2006 Philadelphia Annual Meeting (22–25 October 2006)

Paper No. 12
Presentation Time: 4:30 PM

NUMERICAL MODELING OF AERIAL BURSTS AND ABLATION MELTING OF LIBYAN DESERT GLASS


BOSLOUGH, Mark B.E., Exploratory Simulation Technologies, Sandia National Laboratories, MS 0370, PO Box 5800, Albuquerque, NM 87185-0370, mbboslo@sandia.gov

Libyan Desert Glass (LDG) fragments are scattered over an area spanning 6500 km2 in western Egypt, but the original source area may be much smaller.  This silica-rich glass has a reported fission track age of 28.5 Ma, and is found primarily on and within Quaternary colluvium and alluvium in the narrow corridors between linear dunes of the Great Sand Sea.  Multiple lines of geochemical evidence strongly suggest that it is the product of an impact event, but there is no associated impact structure.  We have performed numerical modeling to assess the hypothesis that the source material was melted by radiative/convective heating from the low altitude explosion of a small asteroid or comet.

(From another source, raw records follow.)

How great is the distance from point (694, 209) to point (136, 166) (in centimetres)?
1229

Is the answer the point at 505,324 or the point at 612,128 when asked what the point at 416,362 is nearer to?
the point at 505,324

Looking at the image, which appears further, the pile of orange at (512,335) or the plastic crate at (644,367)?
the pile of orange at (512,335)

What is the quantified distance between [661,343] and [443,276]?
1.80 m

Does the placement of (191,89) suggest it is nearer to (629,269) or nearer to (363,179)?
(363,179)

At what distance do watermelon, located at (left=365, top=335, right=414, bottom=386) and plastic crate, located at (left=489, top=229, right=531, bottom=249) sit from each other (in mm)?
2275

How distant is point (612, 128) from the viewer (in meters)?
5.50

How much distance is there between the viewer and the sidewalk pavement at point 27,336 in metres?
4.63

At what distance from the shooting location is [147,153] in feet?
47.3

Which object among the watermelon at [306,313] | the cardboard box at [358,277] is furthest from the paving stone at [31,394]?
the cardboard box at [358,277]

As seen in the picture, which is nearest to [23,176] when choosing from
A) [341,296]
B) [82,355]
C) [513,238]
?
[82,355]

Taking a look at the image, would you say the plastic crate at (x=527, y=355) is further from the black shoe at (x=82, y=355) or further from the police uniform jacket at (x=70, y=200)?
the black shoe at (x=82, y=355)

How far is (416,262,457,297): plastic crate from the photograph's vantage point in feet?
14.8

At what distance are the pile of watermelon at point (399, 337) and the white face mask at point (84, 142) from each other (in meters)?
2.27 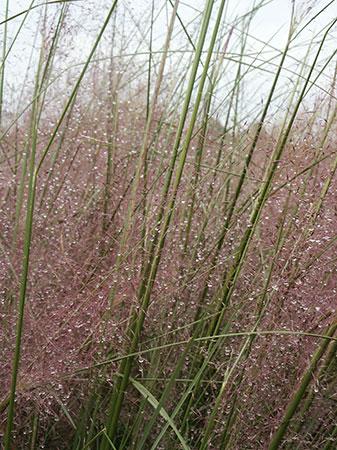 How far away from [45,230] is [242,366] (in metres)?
0.45

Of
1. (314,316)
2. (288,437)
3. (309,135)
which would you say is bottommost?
(288,437)

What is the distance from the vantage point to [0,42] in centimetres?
161

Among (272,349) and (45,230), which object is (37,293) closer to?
(45,230)

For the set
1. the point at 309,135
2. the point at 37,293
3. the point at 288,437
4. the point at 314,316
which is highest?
the point at 309,135

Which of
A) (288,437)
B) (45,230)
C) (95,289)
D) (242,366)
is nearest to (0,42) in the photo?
(45,230)

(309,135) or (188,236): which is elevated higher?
(309,135)

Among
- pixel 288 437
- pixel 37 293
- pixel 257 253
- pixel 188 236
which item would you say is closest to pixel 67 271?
pixel 37 293

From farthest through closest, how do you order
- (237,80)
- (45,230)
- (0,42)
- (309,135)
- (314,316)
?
(237,80) < (0,42) < (45,230) < (309,135) < (314,316)

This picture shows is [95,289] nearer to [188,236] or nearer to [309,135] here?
[188,236]

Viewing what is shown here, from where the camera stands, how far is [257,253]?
4.77 ft

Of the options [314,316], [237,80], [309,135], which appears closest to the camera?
[314,316]

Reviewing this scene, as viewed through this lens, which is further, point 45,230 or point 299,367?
point 45,230

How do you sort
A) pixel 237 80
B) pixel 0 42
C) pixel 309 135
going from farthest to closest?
pixel 237 80, pixel 0 42, pixel 309 135

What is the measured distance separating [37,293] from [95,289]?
7.0 inches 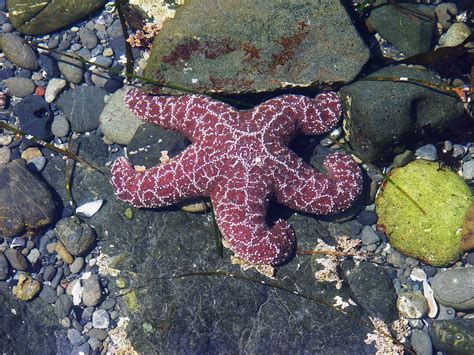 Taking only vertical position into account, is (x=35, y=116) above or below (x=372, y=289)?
above

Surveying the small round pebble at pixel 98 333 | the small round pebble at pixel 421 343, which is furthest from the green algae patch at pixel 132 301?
the small round pebble at pixel 421 343

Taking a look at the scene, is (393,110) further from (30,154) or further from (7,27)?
(7,27)

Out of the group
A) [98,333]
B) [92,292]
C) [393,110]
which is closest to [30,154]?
[92,292]

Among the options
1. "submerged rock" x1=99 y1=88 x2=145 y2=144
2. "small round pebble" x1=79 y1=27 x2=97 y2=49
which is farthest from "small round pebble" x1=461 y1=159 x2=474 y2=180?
"small round pebble" x1=79 y1=27 x2=97 y2=49

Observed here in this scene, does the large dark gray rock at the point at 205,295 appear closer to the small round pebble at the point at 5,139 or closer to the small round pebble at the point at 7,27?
the small round pebble at the point at 5,139

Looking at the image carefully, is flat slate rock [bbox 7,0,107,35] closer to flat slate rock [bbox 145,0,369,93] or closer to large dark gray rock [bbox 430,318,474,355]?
flat slate rock [bbox 145,0,369,93] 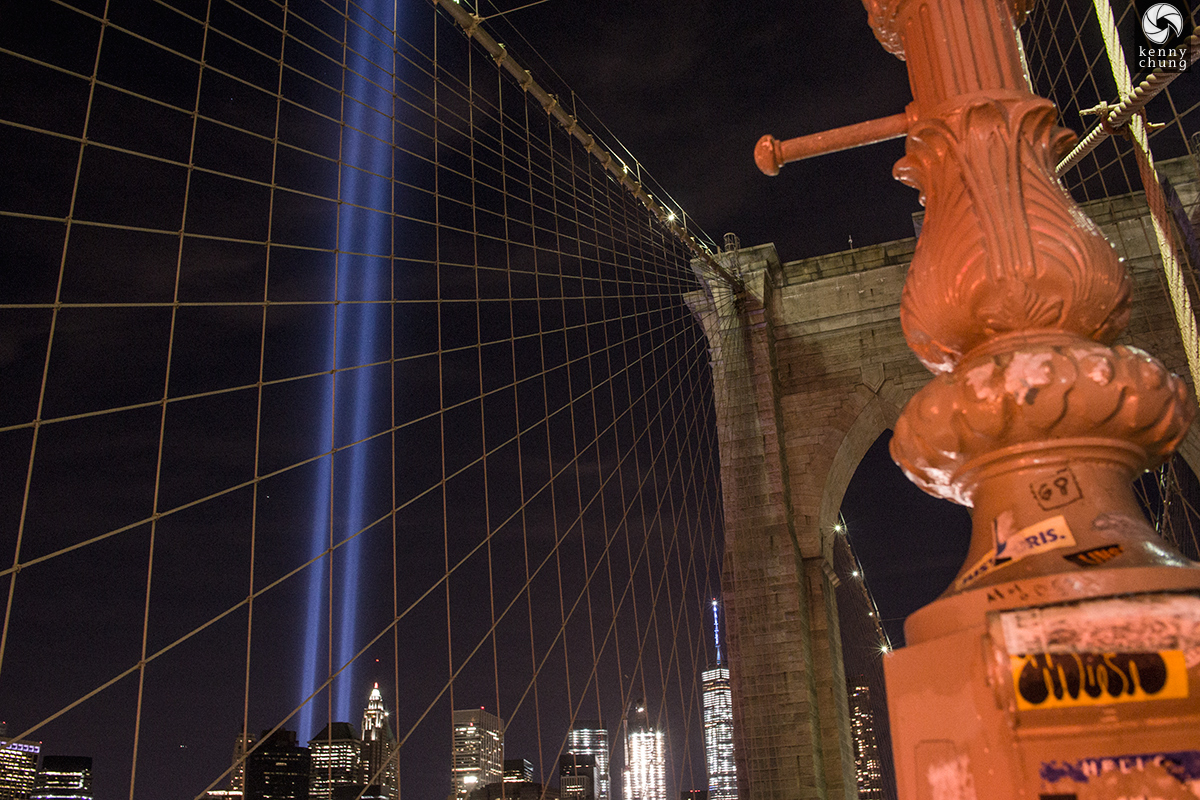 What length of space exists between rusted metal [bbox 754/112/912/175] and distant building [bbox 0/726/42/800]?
1.39m

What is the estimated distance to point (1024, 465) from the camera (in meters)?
0.63

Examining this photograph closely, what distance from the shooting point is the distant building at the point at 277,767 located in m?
3.42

High-resolution simulations were performed using CTH with adaptive mesh refinement of the atmospheric entry of a 120-meter-diameter sphere of dunite.  With an initial velocity of 20 km/s, the kinetic energy of about 4.5·1017 Joules converts to an explosive yield of 108 Megatons.  Most of this energy is coupled directly into the atmosphere as the asteroid ablates and explodes before it hits the ground.  The resulting fireball contains air and ablated meteoritic material at temperatures exceeding the melting temperature of quartz in direct contact with the surface over a 10 km diameter area for more than 10 s after the explosion.  Where the fireball is in contact with the ground, wind velocities exceed the sound speed over this time interval.  This model is qualitatively different from a conventional impact, in which the fireball is embedded within the ejecta curtain and does not come into contact with the surface.  The combination of high temperatures and high-velocity shear flow leads to strong coupling of thermal radiation, with melting and stripping of ablated silica melt that subsequently quenches to form the LDG. Sandia is a multiprogram laboratory operated by Sandia Corporation, a Lockheed Martin Company, for the United States Department of Energy under Contract DE-AC04-94AL85000.